> _WHAT NEEDS TO BE DONE_
Word for word, restate every record, though not the pictures.
· · · ·
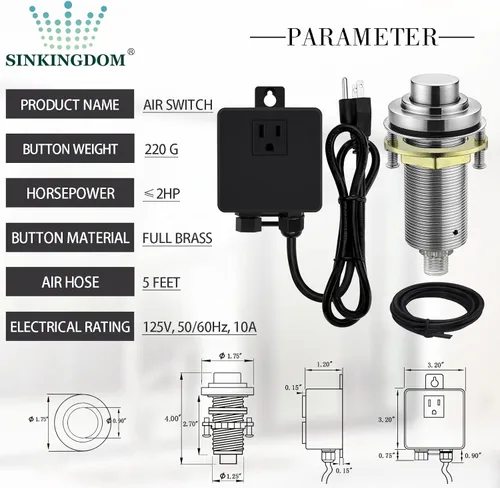 Miniatura 2 de Kit de interruptor de aire SinkTop con botón largo de níquel cepillado (latón completo) para eliminación de basura, salida única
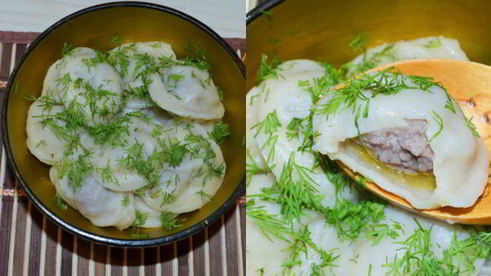 пельмени с бульоном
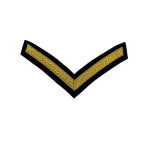 Private Cloth Rank Badge (1 chevron) Braid Black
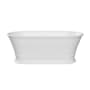 MTI Baths Acquabella Monviso 67" Free Standing Stone Composite Air Tub with Center Drain, Drain Assembly, and Overflow White / Matte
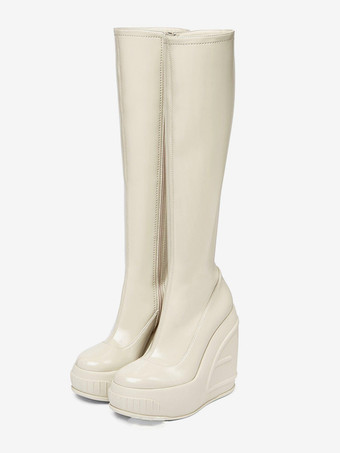 ホワイト ニーハイウェッジブーツ 伸縮性のあるラウンドトゥの膝丈ブーツ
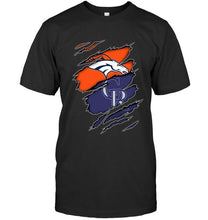 Load image into Gallery viewer, Denver Broncos and Colorado Rockies layer under ripped shirt
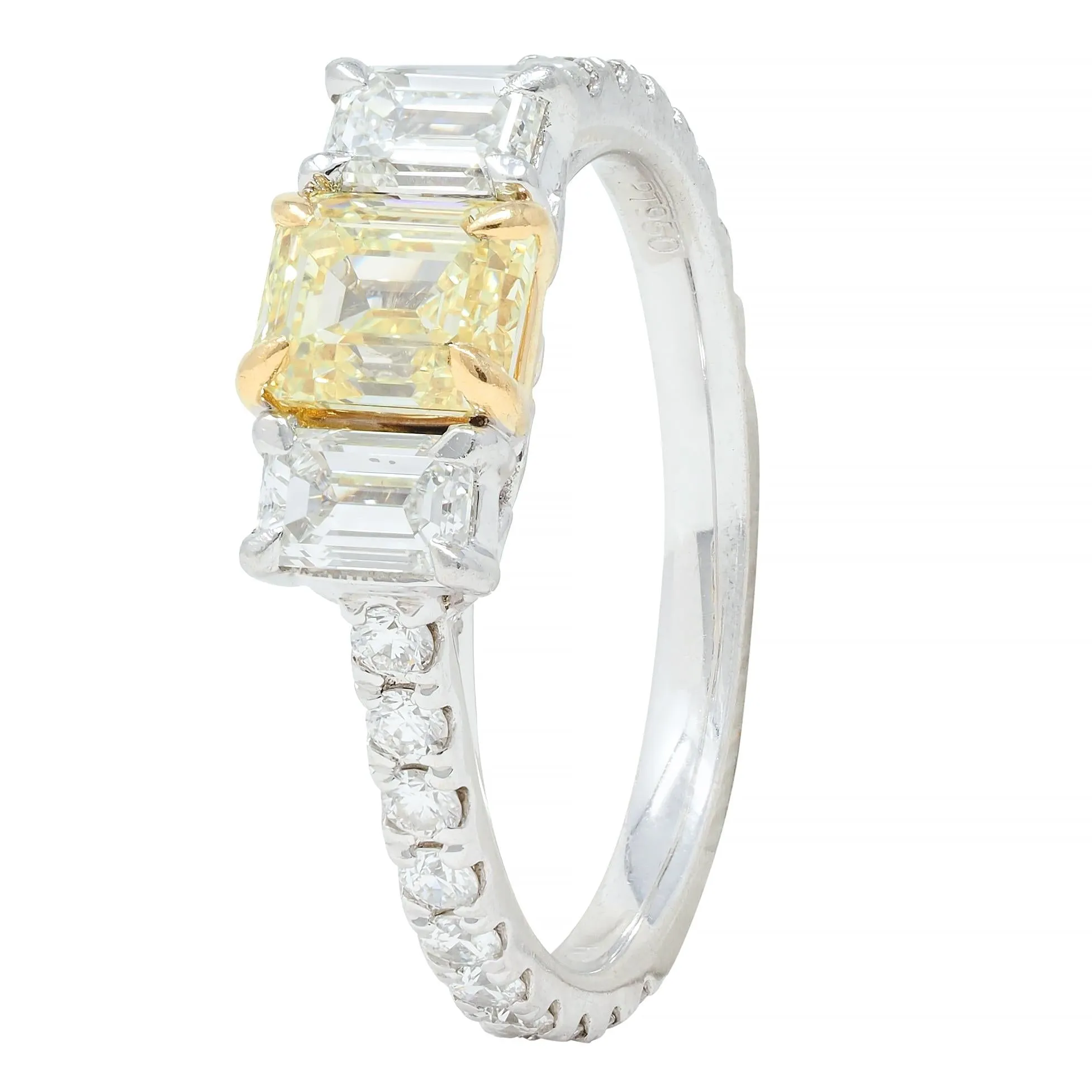 Contemporary Numerical 18K Platinum Fancy Yellow Emerald Cut Diamond Engagement Ring 1.61 CTW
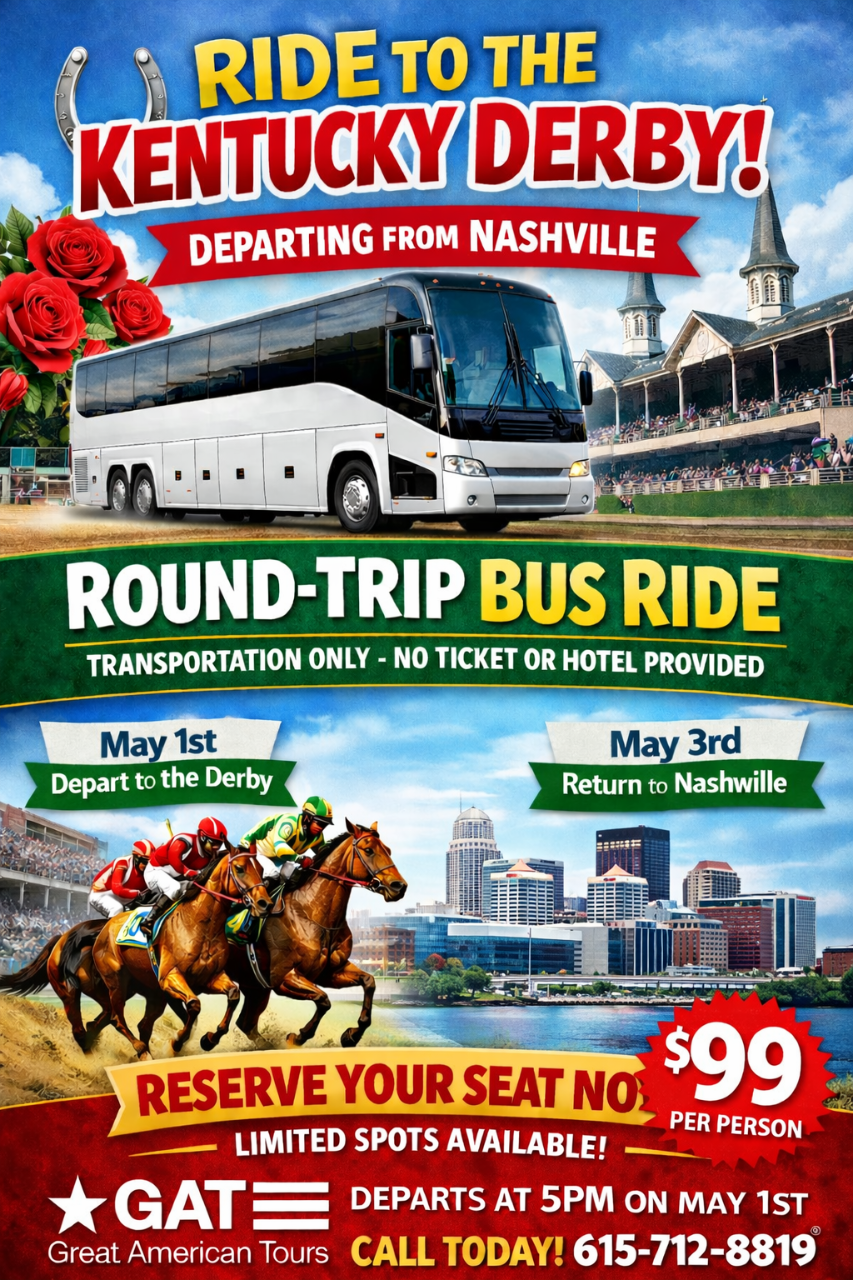 Kentucky Derby Round-Trip Bus Ride from Nashville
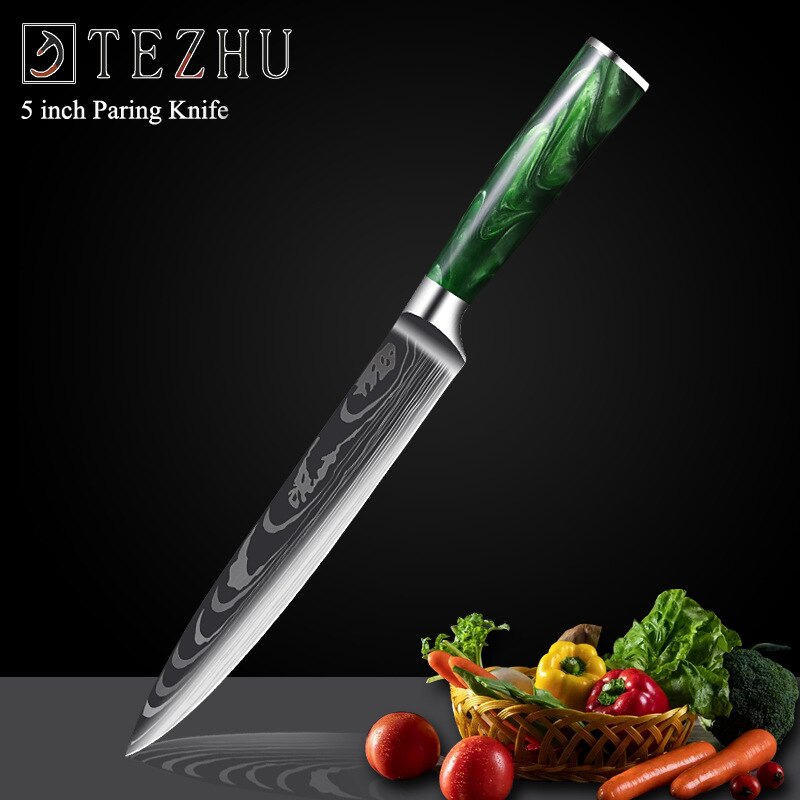 Professionele Keuken Messen Set Japanse High Carbon Staal Chef Messen Imitatie Damascus Patroon Slicer Santokumes Set: utility knife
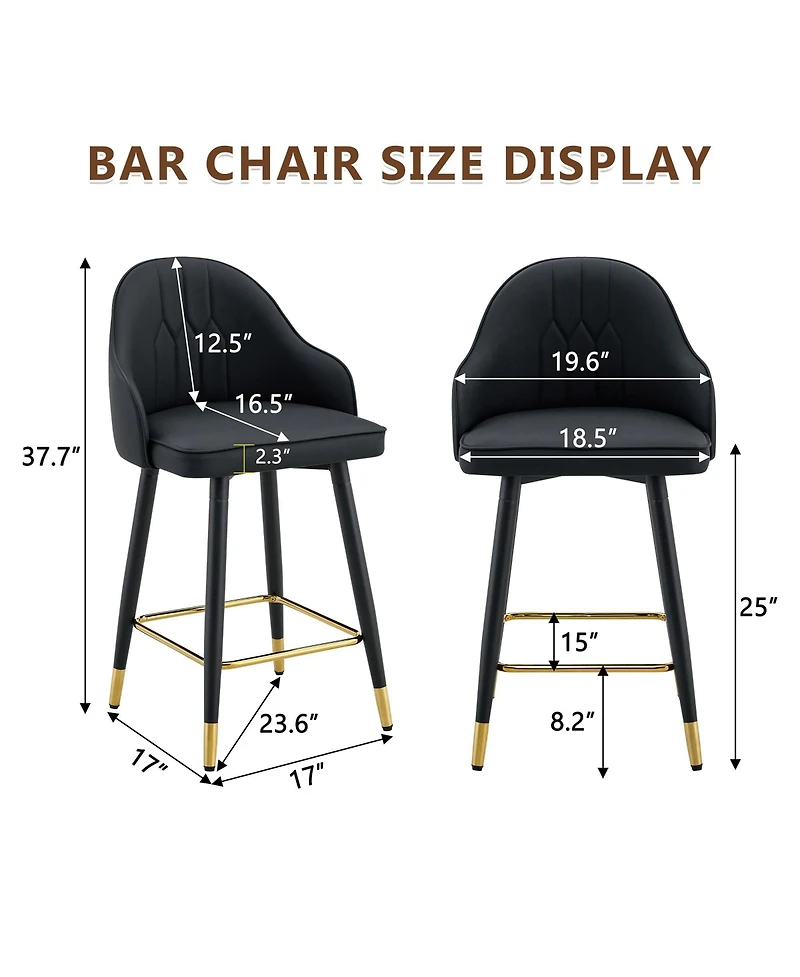 Clihome 2 Piece Pu Leather Bar Stools, Counter Height with Gold Footrest Dining Chairs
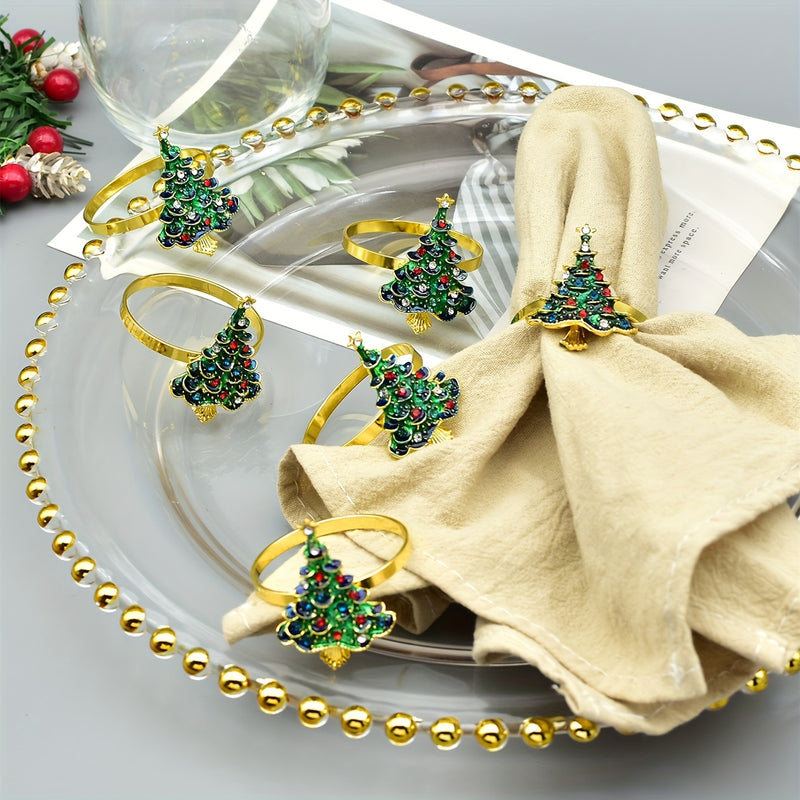 Aros De Guardanapo Natal Metálicos Strass Brilho Para Mesa by Casa Perfeita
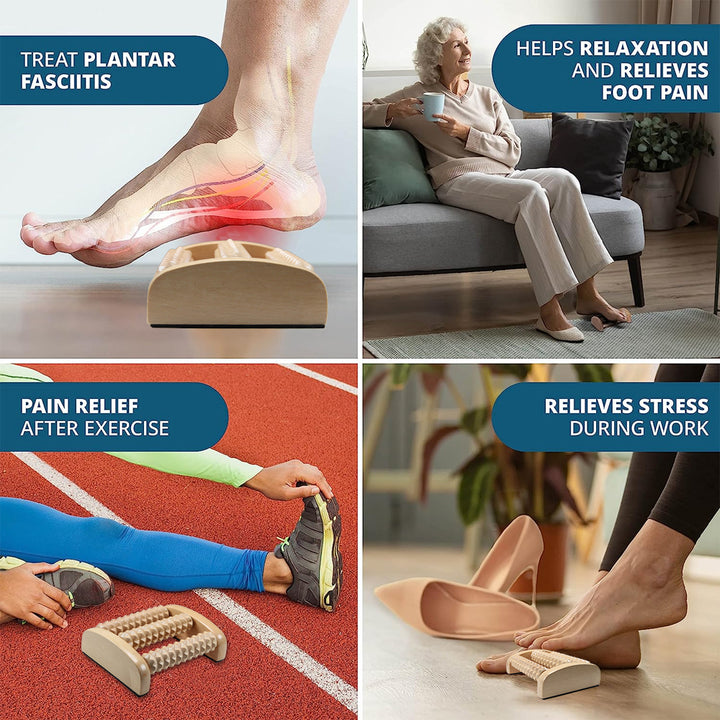 Premium Dual Foot Massager Roller for Plantar Fasciitis Relief, Deep Heel & Arch Pain, Stress Relief & Relaxation, Portable 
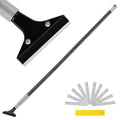 Heavy-Duty Floor Scraper, 4-Inch Razor Blade Scraper Tool, 51-Inch Long Handle, Includes 10 Extra Metal Blades, Paint Scraper for Cleaning Wall, Glass, Adhesives, Chewing Gum, Ceiling - size: 51in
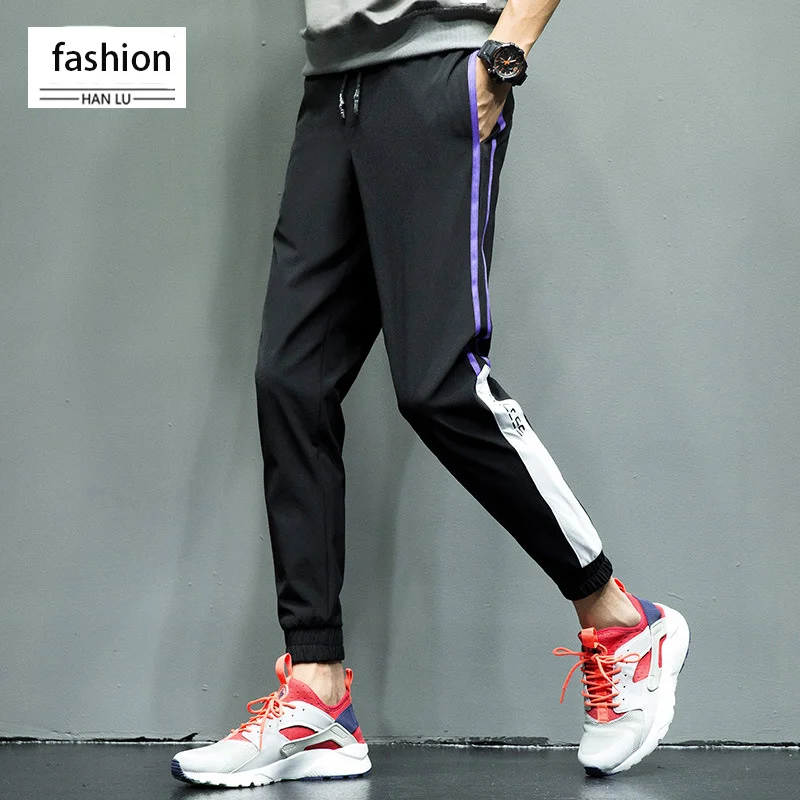 Men's Casual Pants 2019 Men's Autumn Slim Pants Sports Pants Jogging Cotton Striped Pants Sportswear Bodybuilding Goggles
· · · ·
> _OUTPUT FOR THIS TASK_
 Miniatura 2 de Kit de interruptor de aire SinkTop con botón largo de níquel cepillado (latón completo) para eliminación de basura, salida única
 пельмени с бульоном
 Private Cloth Rank Badge (1 chevron) Braid Black
 MTI Baths Acquabella Monviso 67" Free Standing Stone Composite Air Tub with Center Drain, Drain Assembly, and Overflow White / Matte
 ホワイト ニーハイウェッジブーツ 伸縮性のあるラウンドトゥの膝丈ブーツ
 Load image into Gallery viewer, Denver Broncos and Colorado Rockies layer under ripped shirt
 Contemporary Numerical 18K Platinum Fancy Yellow Emerald Cut Diamond Engagement Ring 1.61 CTW
 Kentucky Derby Round-Trip Bus Ride from Nashville
 Professionele Keuken Messen Set Japanse High Carbon Staal Chef Messen Imitatie Damascus Patroon Slicer Santokumes Set: utility knife
 Clihome 2 Piece Pu Leather Bar Stools, Counter Height with Gold Footrest Dining Chairs
 Aros De Guardanapo Natal Metálicos Strass Brilho Para Mesa by Casa Perfeita
 Premium Dual Foot Massager Roller for Plantar Fasciitis Relief, Deep Heel & Arch Pain, Stress Relief & Relaxation, Portable 
 Heavy-Duty Floor Scraper, 4-Inch Razor Blade Scraper Tool, 51-Inch Long Handle, Includes 10 Extra Metal Blades, Paint Scraper for Cleaning Wall, Glass, Adhesives, Chewing Gum, Ceiling - size: 51in
 Men's Casual Pants 2019 Men's Autumn Slim Pants Sports Pants Jogging Cotton Striped Pants Sportswear Bodybuilding Goggles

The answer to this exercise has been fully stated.